9) The user bears the responsibility for the correct use of motives and deadlines for temporary agency work; in the context of these motives, he ensures, in the cases provided for by law, the necessary authorizations and notices regarding the employment of temporary workers.


10) The employment agency is in no way liable for the consequences of the absence and / or the late attendance of its temporary staff.


11) The user can not rely on the services of the employment agency in case of temporary unemployment, strike or lock-out in his company. In such cases, the user must inform the employment agency immediately and in writing. The compulsory withdrawal of temporary staff in these cases does not give rise to the payment of compensation by the temporary employment agency to the user.


12) During the entire duration of the employment of the temporary agency worker with the user, he, in accordance with Article 19 of the law of 24 July 1987, is responsible for the application of the provisions of the legislation concerning the regulation and protection of labor which are in place. of employment. From this it follows that the user must treat the temporary agency workers on the same basis as his permanent staff, for example with regard to working hours, reduction of working hours, compensations, breaks, public holidays, Sunday work, night work, well-being of the temporary worker at work, etc.

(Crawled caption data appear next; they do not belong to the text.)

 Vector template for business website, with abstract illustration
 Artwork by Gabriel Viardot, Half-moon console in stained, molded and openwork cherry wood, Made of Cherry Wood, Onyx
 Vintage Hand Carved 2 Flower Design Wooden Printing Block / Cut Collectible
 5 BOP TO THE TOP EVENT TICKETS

13) Pursuant to Article 10 of the Act of 24/07/1987, temporary agency workers are entitled to the same gross salary, including indexations and conventional increases, premiums (with the exception of pension premiums), luncheon vouchers and other salary components as if they were taken on permanent duty by the user. On the basis of Article 8 of these general terms and conditions, the user must communicate this salary data to the temporary employment agency. The user is solely responsible for the consequences resulting from not (timely), incomplete or incorrect transmission of this information. All rectifications and costs caused by this result in additional invoicing to the user. 


14) The temporary agency worker enjoys the same level of protection as all other employees of the company with regard to occupational safety and hygiene.

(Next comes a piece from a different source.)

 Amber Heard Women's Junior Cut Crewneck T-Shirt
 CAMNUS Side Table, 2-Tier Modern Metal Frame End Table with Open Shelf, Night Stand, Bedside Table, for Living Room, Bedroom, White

In accordance with art. 2 of the Royal Decree of 19/02/1997 concerning the health and safety of temporary employees, the user is obliged to provide a precise description of the required professional qualification and the specific characteristics of the temporary worker to make available to the temporary employment agency. take labor mail. In addition, the result of the risk analysis must be included in a workstation post that must be sent before the start of the assignment, signed by the responsible party. The user undertakes not to impose any other tasks on the temporary worker who is made available to him than the one he had provided for the application. Unless expressly agreed in advance by the employment agency:

  • confirming the user forbidden temporary workers with an assignment that is different from the one for which he was made available; in particular, he may not allow him to carry out any manipulation of machines, appliances, vehicles, goods, transport or treatment of values ​​or cash for collection, which they may be;
  • the temporary agency worker may only perform normal work, with the exclusion of all work protected by special regulations, ie unhealthy or dangerous work. . As soon as the height is worked, stricter precautions should be provided by the customer; ie appropriate preventive measures, training, risk analysis, ...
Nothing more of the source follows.